ACTIVITY - Report each line from the entries in which "Equipment" can be found.

Items from a dataset -

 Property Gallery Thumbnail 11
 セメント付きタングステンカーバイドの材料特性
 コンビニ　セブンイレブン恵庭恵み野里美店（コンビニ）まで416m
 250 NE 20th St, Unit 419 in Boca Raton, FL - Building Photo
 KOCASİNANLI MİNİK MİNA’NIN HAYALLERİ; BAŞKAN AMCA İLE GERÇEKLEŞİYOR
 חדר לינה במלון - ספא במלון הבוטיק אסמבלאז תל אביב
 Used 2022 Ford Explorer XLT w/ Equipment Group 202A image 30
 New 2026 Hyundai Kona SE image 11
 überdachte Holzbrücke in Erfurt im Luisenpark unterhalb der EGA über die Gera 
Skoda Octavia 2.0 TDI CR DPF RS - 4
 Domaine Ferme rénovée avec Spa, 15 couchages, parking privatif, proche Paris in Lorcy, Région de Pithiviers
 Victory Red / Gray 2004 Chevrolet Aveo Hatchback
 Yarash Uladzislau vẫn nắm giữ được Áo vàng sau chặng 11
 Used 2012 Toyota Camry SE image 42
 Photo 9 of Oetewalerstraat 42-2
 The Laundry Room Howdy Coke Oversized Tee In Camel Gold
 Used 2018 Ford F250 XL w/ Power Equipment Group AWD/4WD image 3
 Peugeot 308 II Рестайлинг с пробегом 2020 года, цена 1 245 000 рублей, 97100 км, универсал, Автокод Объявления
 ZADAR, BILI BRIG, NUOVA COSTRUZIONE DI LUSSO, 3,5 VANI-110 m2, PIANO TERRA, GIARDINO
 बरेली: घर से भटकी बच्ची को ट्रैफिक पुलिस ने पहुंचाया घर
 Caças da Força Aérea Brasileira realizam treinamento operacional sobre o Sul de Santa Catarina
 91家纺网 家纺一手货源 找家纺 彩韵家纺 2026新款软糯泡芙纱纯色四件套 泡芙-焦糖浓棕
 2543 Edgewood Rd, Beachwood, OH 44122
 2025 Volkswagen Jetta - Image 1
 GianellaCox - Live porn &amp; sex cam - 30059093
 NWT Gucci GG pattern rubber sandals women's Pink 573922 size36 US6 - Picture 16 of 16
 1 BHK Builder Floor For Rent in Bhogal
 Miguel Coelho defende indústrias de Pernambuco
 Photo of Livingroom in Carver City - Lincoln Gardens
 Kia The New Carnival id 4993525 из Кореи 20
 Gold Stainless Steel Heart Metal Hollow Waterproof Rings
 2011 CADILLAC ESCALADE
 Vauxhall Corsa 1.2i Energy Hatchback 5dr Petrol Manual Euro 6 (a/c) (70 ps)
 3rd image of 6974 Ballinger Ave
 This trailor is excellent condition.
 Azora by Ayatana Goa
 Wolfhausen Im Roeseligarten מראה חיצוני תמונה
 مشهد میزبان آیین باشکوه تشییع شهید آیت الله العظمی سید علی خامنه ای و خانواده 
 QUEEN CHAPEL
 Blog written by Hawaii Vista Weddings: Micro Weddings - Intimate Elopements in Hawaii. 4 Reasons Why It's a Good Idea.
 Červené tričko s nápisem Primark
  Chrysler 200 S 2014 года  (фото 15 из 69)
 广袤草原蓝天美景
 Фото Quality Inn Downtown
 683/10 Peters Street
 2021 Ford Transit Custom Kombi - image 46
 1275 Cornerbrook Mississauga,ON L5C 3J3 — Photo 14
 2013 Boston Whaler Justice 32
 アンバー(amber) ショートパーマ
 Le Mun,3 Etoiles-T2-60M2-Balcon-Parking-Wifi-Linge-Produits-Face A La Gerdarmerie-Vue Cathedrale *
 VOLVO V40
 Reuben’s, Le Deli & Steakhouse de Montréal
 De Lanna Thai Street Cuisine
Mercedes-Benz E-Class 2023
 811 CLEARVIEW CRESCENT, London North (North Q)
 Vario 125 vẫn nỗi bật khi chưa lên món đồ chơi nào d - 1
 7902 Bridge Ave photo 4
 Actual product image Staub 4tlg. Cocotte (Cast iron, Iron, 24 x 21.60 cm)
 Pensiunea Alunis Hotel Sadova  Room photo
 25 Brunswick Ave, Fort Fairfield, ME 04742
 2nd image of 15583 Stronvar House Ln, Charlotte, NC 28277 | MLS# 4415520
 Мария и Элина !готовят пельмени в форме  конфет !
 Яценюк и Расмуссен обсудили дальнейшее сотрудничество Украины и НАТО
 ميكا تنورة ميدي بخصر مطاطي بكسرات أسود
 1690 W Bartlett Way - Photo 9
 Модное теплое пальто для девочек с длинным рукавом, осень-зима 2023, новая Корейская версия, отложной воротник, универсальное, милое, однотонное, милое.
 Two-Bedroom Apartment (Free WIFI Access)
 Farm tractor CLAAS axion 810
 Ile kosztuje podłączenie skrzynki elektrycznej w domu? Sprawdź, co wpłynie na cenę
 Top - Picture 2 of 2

OUTPUT BELOW -
 Used 2022 Ford Explorer XLT w/ Equipment Group 202A image 30
 Used 2018 Ford F250 XL w/ Power Equipment Group AWD/4WD image 3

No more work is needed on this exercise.